- **Image-caption web data**:
[Start of section]
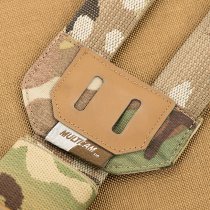 M-Tac Tactical Skeleton Belt - Multicam - L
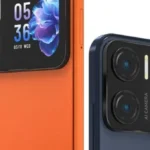 إطلاق هاتف Acer Sospiro A15 بتصميم مبتكر
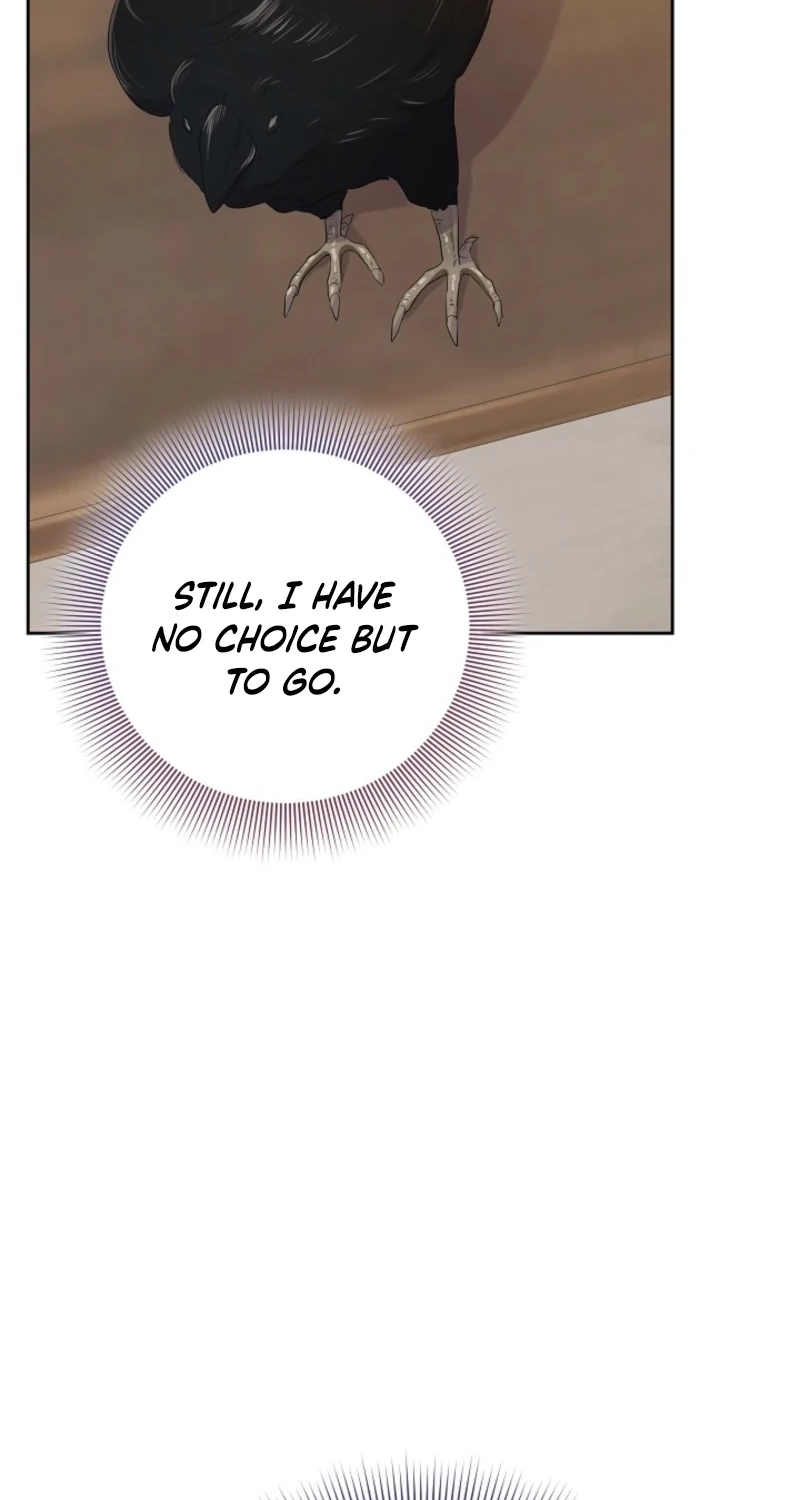 The Terminal Villainess's Cure Chapter 58 page 62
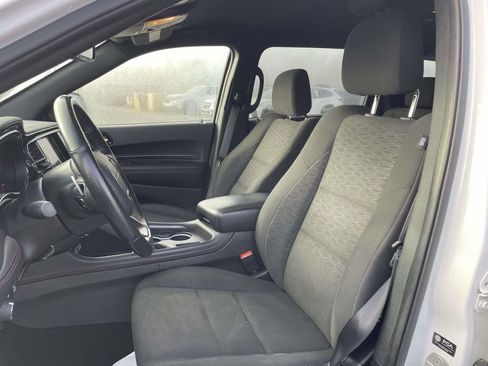 Used 2023 Dodge Durango GT image 8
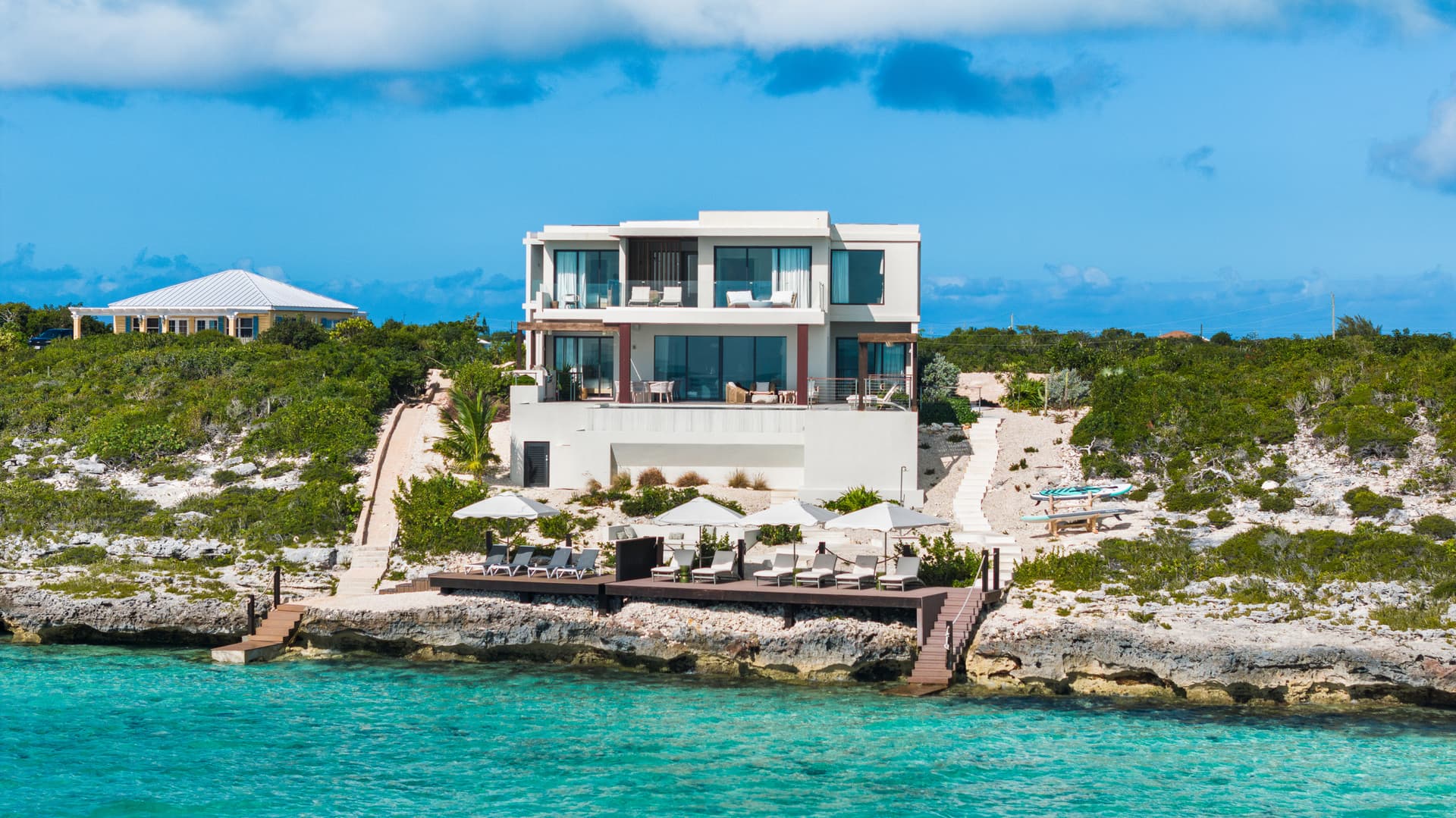 Coco Rock - Villa Julia - Image 40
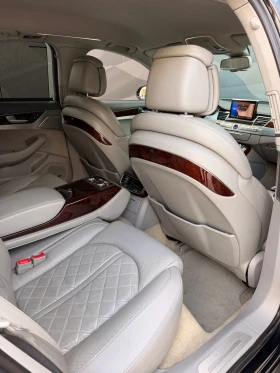 Audi A8 Бартер лизинг без доходи, снимка 12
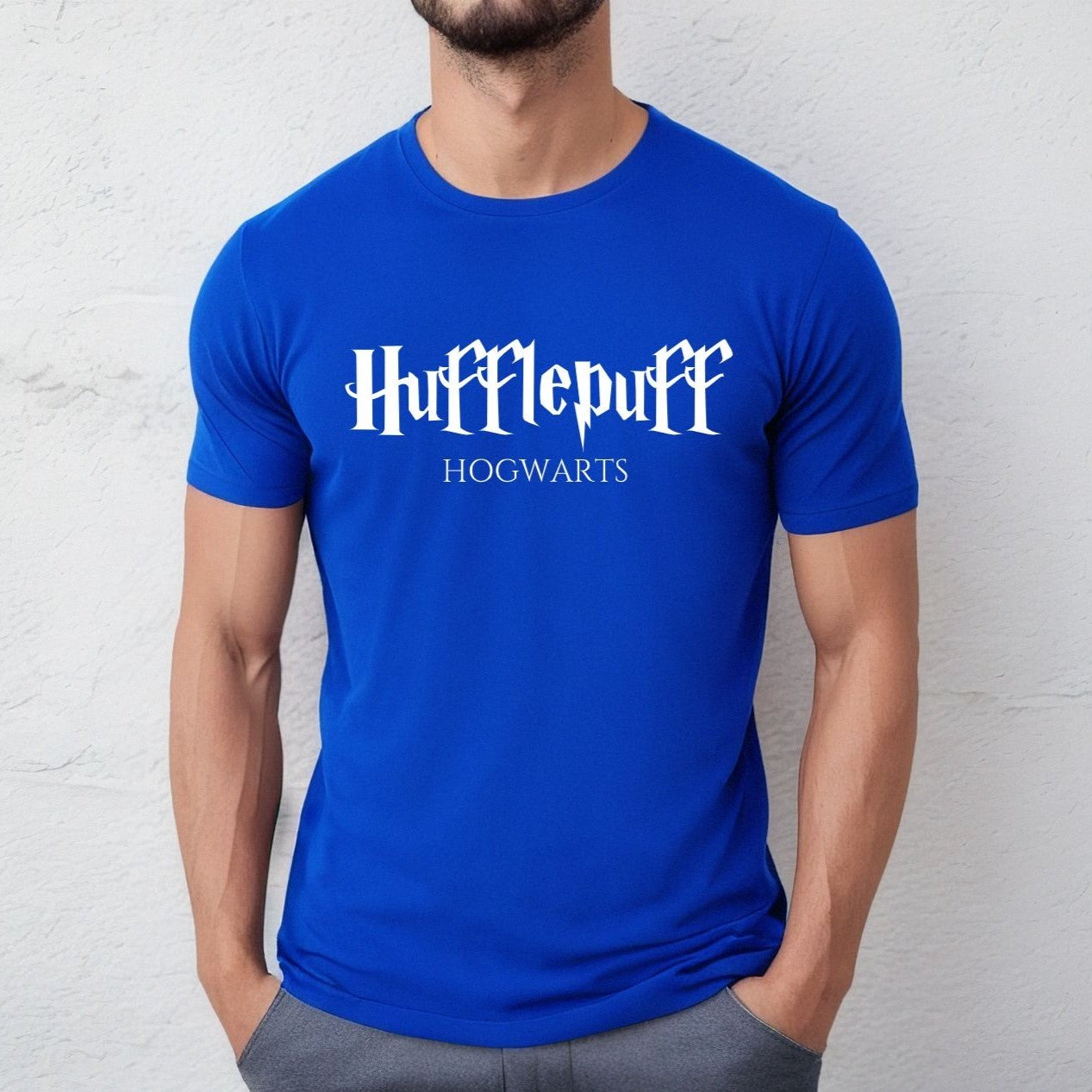 Hufflepuff Hogwarts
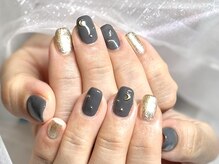 ラーシューシュ(la-chou-chou)/シンプルコース　¥6500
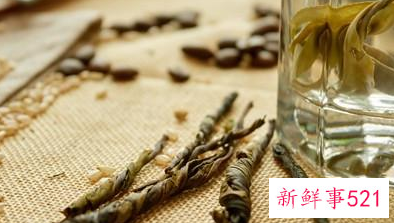 苦丁茶和山楂片泡水的功效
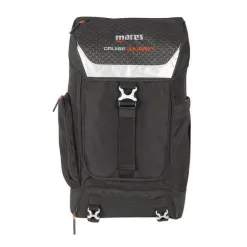 Worek Plecak Mares Cruise Journey Siatka Na Sprzęt Sportowy Nurkowy 35 L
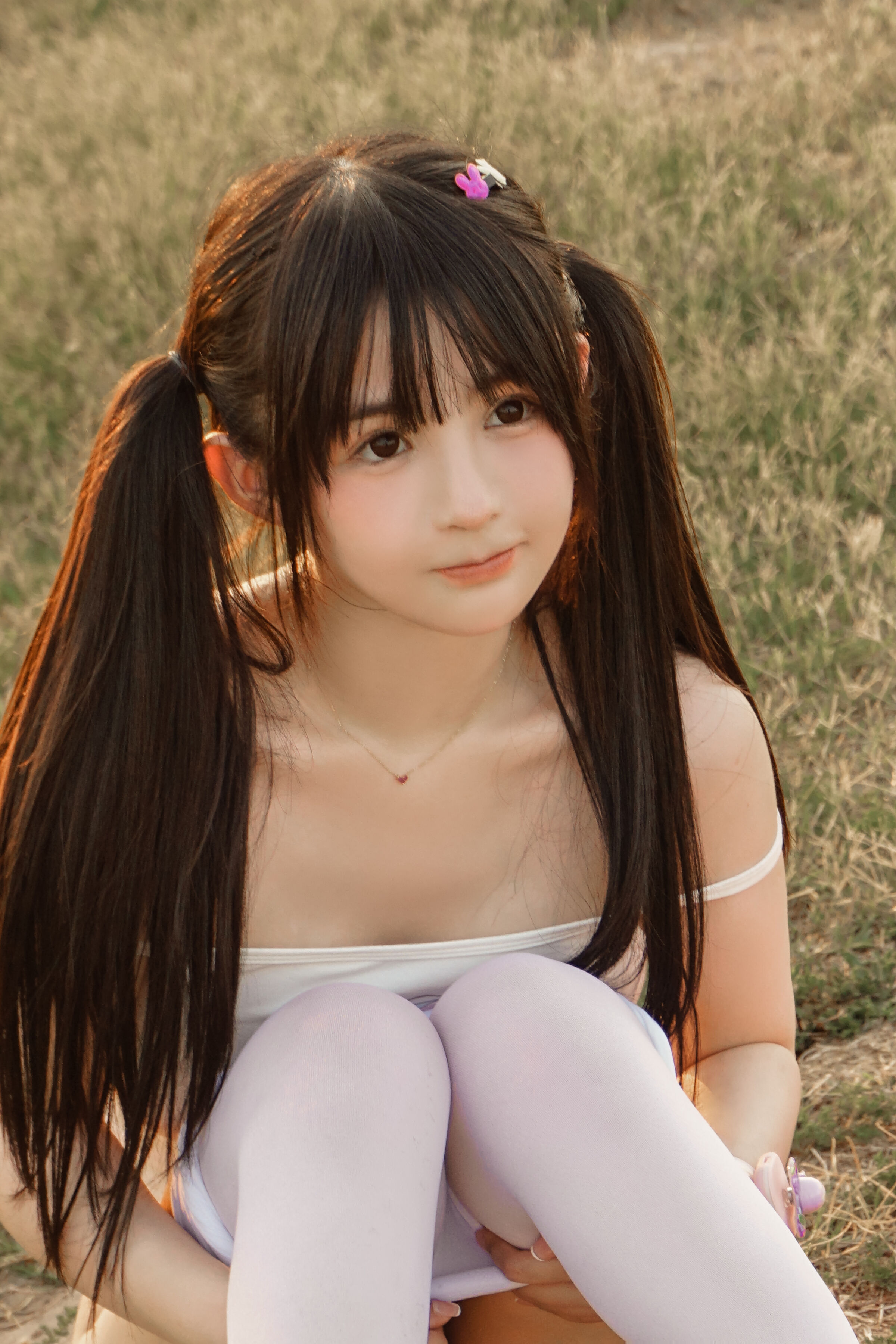Coser@桜井宁宁 Vol.054 宁宝的小书包 第2章 第1页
[End of section]
- **DIRECTIONS**: Take the line that holds "Hufflepuff Hogwarts" as the start and the last line of the data as the end. Copy only those lines exactly, both ends included, except the pictures.

- **RESULT OF THIS TASK**:
 Hufflepuff Hogwarts
 ラーシューシュ(la-chou-chou)/シンプルコース　¥6500
 苦丁茶和山楂片泡水的功效
 Worek Plecak Mares Cruise Journey Siatka Na Sprzęt Sportowy Nurkowy 35 L
Coser@桜井宁宁 Vol.054 宁宝的小书包 第2章 第1页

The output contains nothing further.